───── EXERCISE DATA ─────

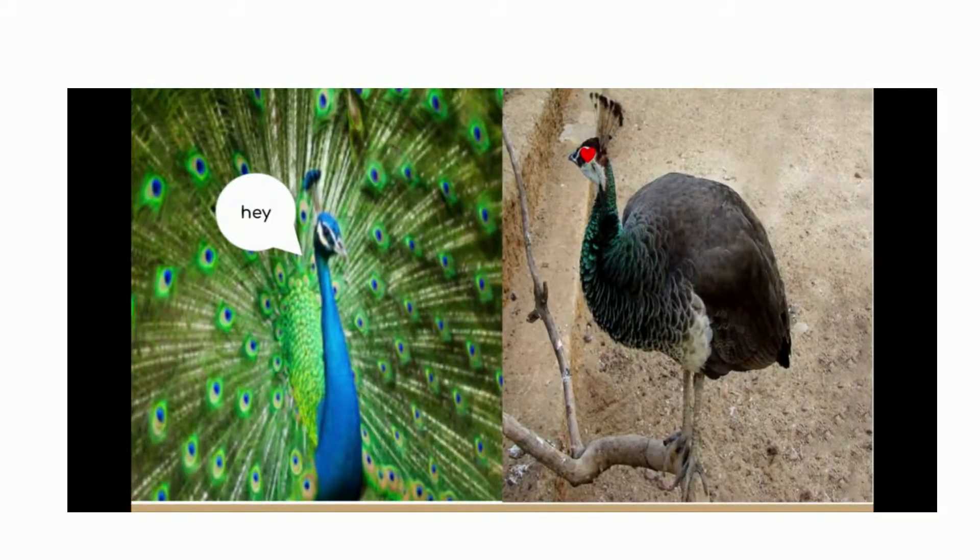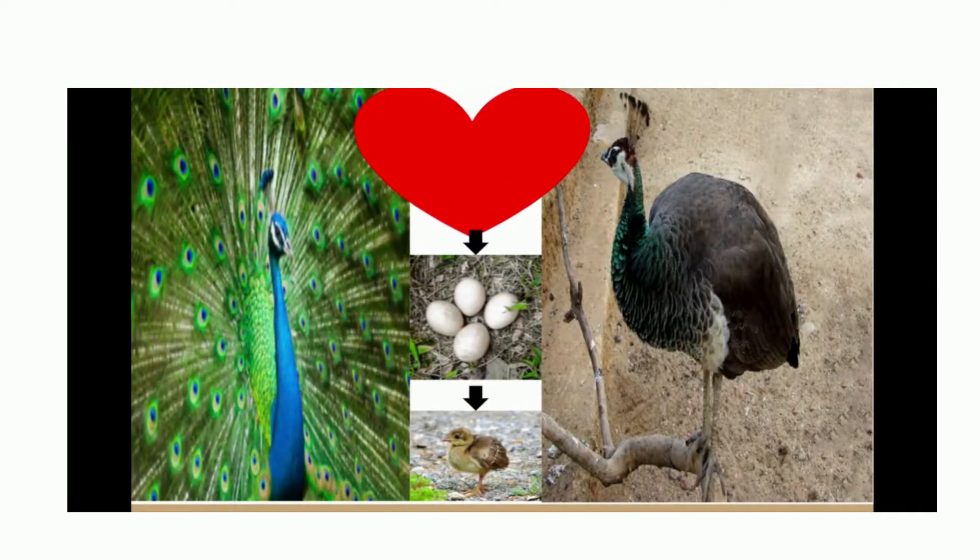But why are peafowl's feathers much more vibrant than the peahen's? Well, let's look at the whole purpose. The whole purpose in the peafowl's life is to impress the female. So whenever they lift up their feathers, they're just impressing the female. They're not lifting them up at you — they're lifting them up at the female. The female has eggs, and a wonderful baby peacock pops out.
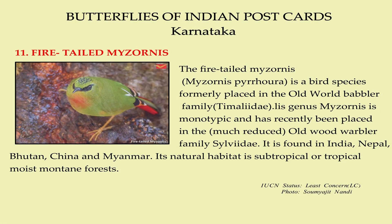The Fire-Tailed Myzornis is a bird species placed in the Old World Babbler family. Its genus Myzornis is monotypic and has recently been placed in the Old World Warbler family Sylviidae. It is found in India, Nepal, Bhutan, China, and Myanmar. Its natural habitat is subtropical or tropical moist mountain forest.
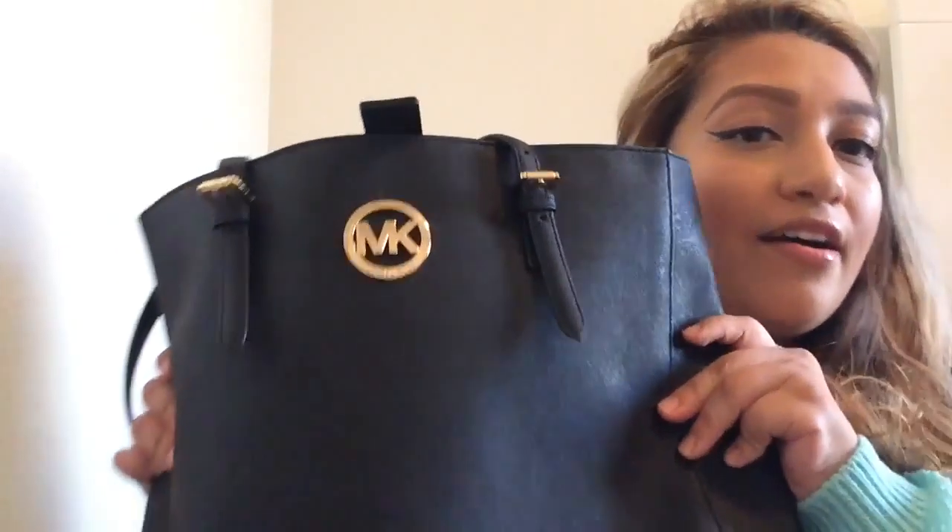So I've been using this bag since Christmas. I got it as a Christmas gift from my mother-in-law — thank you! I'm a mom of three, and I really have random stuff in my purse. I throw in basically anything. So let's see what's in here. It can get pretty interesting.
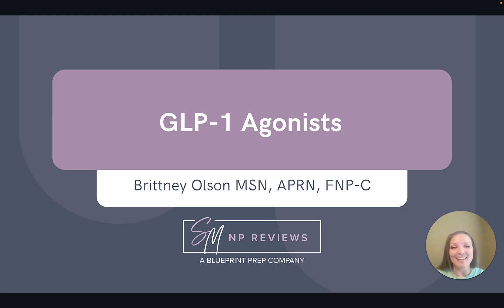Hi everyone, my name is Brittany. I am a family nurse practitioner and I'm also one of the NP instructors here at SMMP Reviews. Today we are going to do a quick overview of a medication class that has received a lot of attention lately, and that is the GLP-1 agonist. These medications have been trending lately, so definitely one to be familiar with for your future practice and for your certification exam.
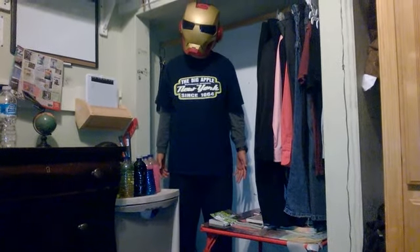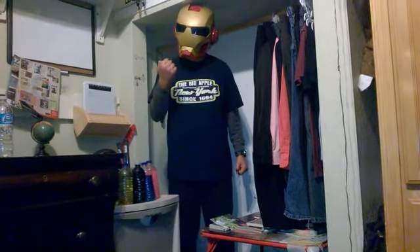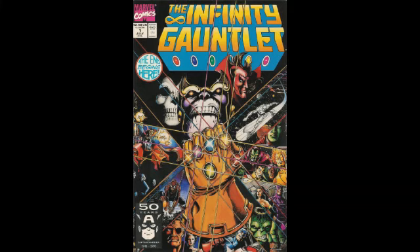There were many comic books where he was featured, and many collectors like myself had to persevere and really buy a lot and keep up with all those comic books. There were quite a lot of them, and I'm gonna show you one of those pictures of the comic books right here.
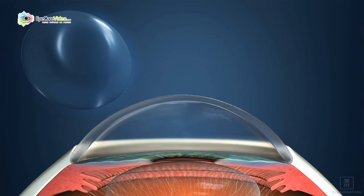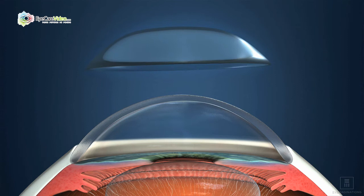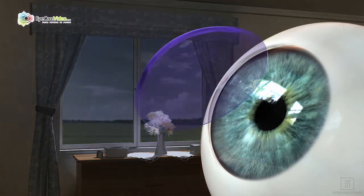Corneal refractive therapy is an alternate approach to laser vision correction. CRT is a contact lens approach — we use a specifically designed contact lens to reshape the cornea while a person is sleeping at night.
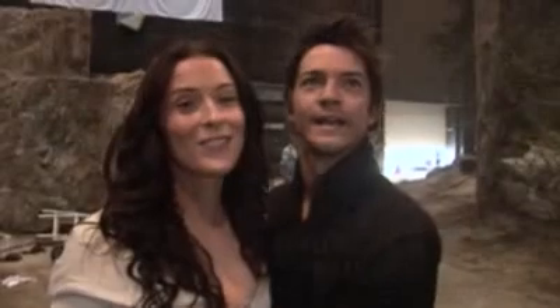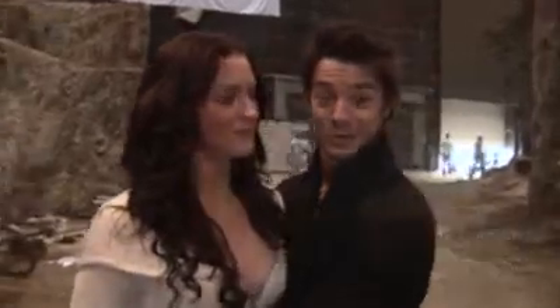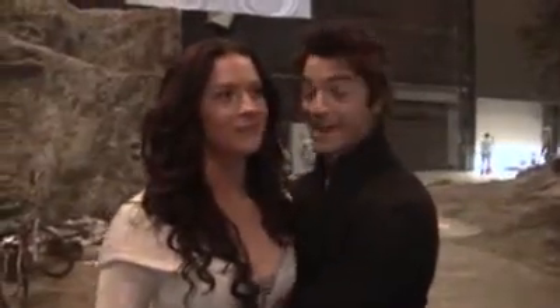We are in Studio 5, the suburb of Henderson in Auckland, and this is our main studio. Yeah, we're in here a lot.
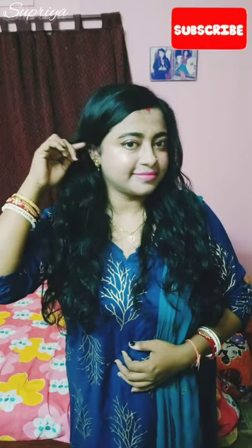So friends, this is my final look for daytime. I hope you enjoyed this video! If you like my video, then don't forget to hit the like button.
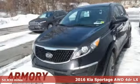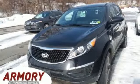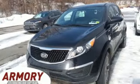Here's a 2016 Kia Sportage. Step into a Kia and be surprised — it comes with all the amenities you need.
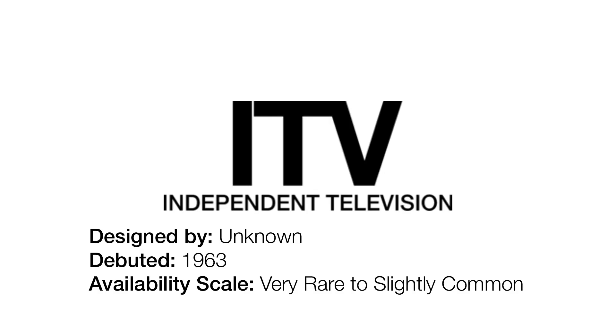1963 to 1971. Here's something a little bit more creative. As you can see, you can see the text ITV above its own text of its full name. Now this logo has not had very many sightings, so let's get to finding all the rare logos on this list.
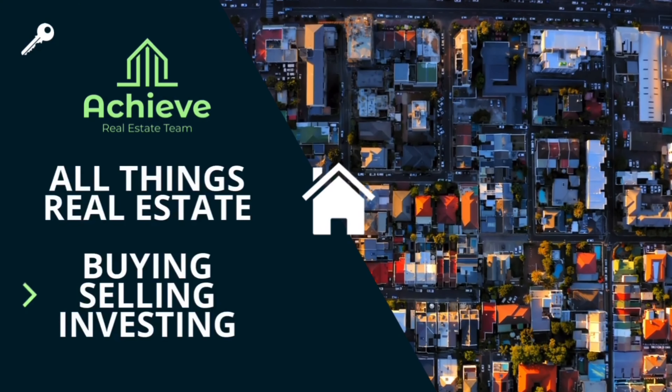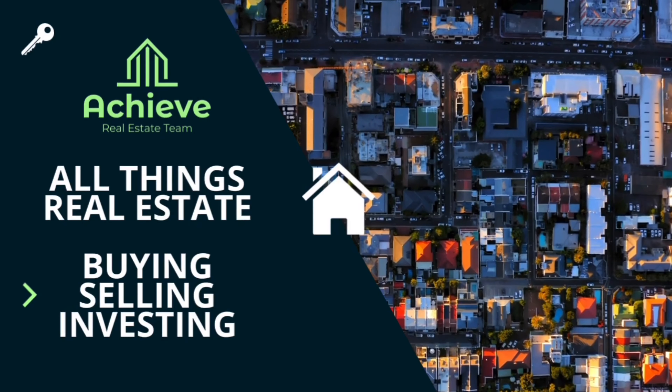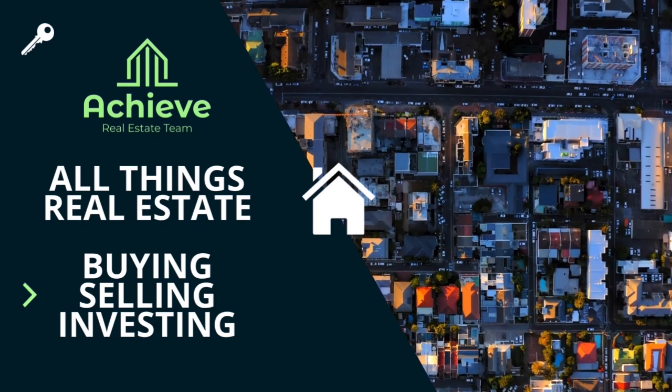How to use your 401k to help purchase a home. Hi, my name is Ryan Taylor with the Achieve Real Estate team in Lansing, Michigan, and today we're talking about how to use your 401k to purchase your home.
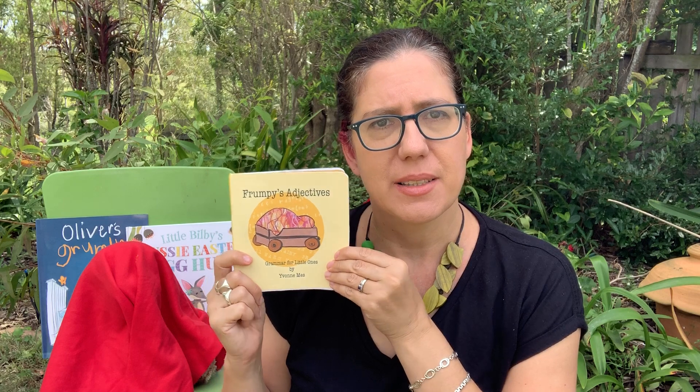Hello, I am Yvonne Mess and I'm a children's author and illustrator. Today I thought I'd share with you one of my stories for very little ones. It's called Frumpy's Adjectives and it's part of what's hopefully to be a series of grammar for little ones. Let's have a look.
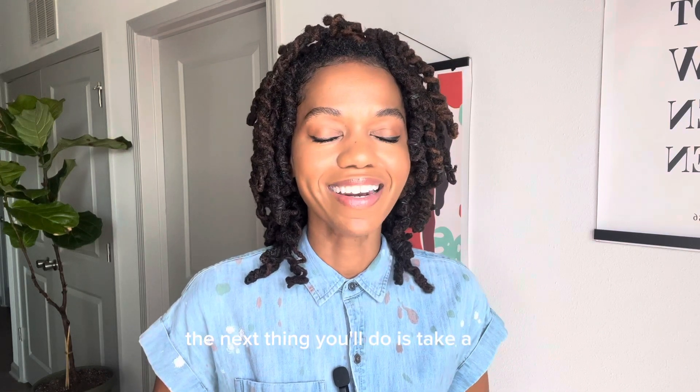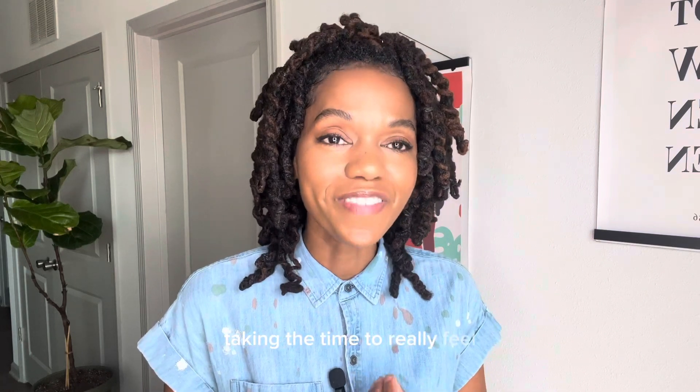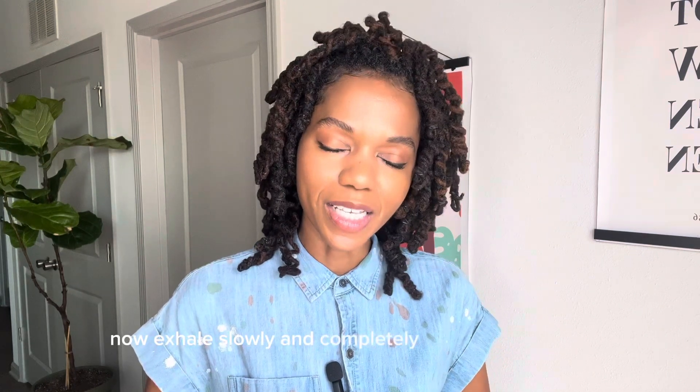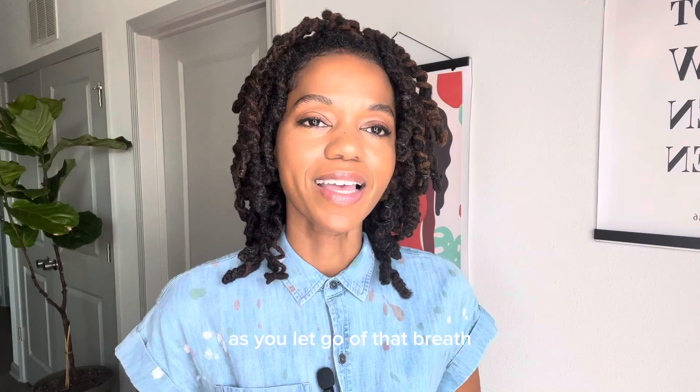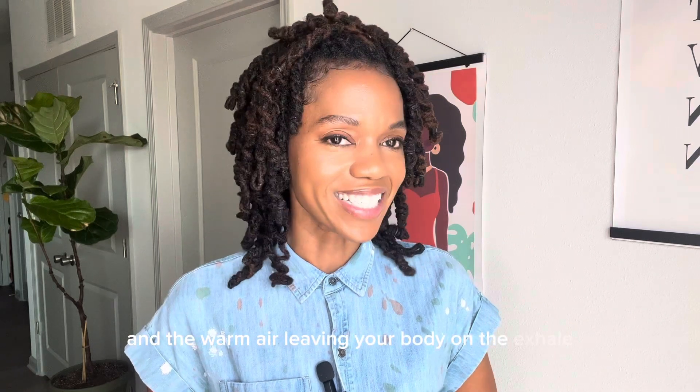The next thing you'll do is take a nice deep breath, inhaling slowly through your nose, taking the time to really feel the air filling up your lungs. Now exhale slowly and completely through your nose or your mouth and just feel the tension being released as you let go of that breath. Repeat this and as you're doing that, focus on your breathing — really feel the cool air as you inhale through your nose and the warm air leaving your body on the exhale.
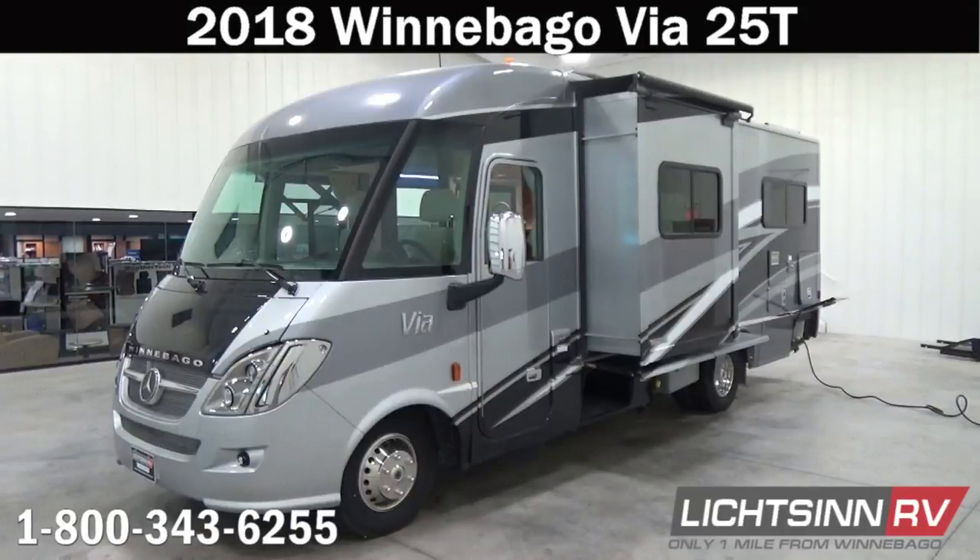Thank you for visiting Litson.com and for the opportunity to showcase our factory fresh 2018 Winnebago Via 25T, a fuel-efficient Mercedes-Benz, here at Litson RV — America's closest dealer to Winnebago Industries. We're located only one mile north of the Winnebago, Itasca, and Winnebago Touring Coach divisions of Winnebago Industries right here in Forest City, Iowa, and recently named by the manufacturer as the top dealer for sales volume across all three divisions.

─────

▶ _WHAT YOU WILL DO_
Copy exactly the lines from the one containing "1963 to 1971." through the final line of the records above, both included, and leave out any pictures.

▶ _ANSWER FOR THE TASK_
1963 to 1971. Here's something a little bit more creative. As you can see, you can see the text ITV above its own text of its full name. Now this logo has not had very many sightings, so let's get to finding all the rare logos on this list.
How to use your 401k to help purchase a home. Hi, my name is Ryan Taylor with the Achieve Real Estate team in Lansing, Michigan, and today we're talking about how to use your 401k to purchase your home.
Hello, I am Yvonne Mess and I'm a children's author and illustrator. Today I thought I'd share with you one of my stories for very little ones. It's called Frumpy's Adjectives and it's part of what's hopefully to be a series of grammar for little ones. Let's have a look.
The next thing you'll do is take a nice deep breath, inhaling slowly through your nose, taking the time to really feel the air filling up your lungs. Now exhale slowly and completely through your nose or your mouth and just feel the tension being released as you let go of that breath. Repeat this and as you're doing that, focus on your breathing — really feel the cool air as you inhale through your nose and the warm air leaving your body on the exhale.
Thank you for visiting Litson.com and for the opportunity to showcase our factory fresh 2018 Winnebago Via 25T, a fuel-efficient Mercedes-Benz, here at Litson RV — America's closest dealer to Winnebago Industries. We're located only one mile north of the Winnebago, Itasca, and Winnebago Touring Coach divisions of Winnebago Industries right here in Forest City, Iowa, and recently named by the manufacturer as the top dealer for sales volume across all three divisions.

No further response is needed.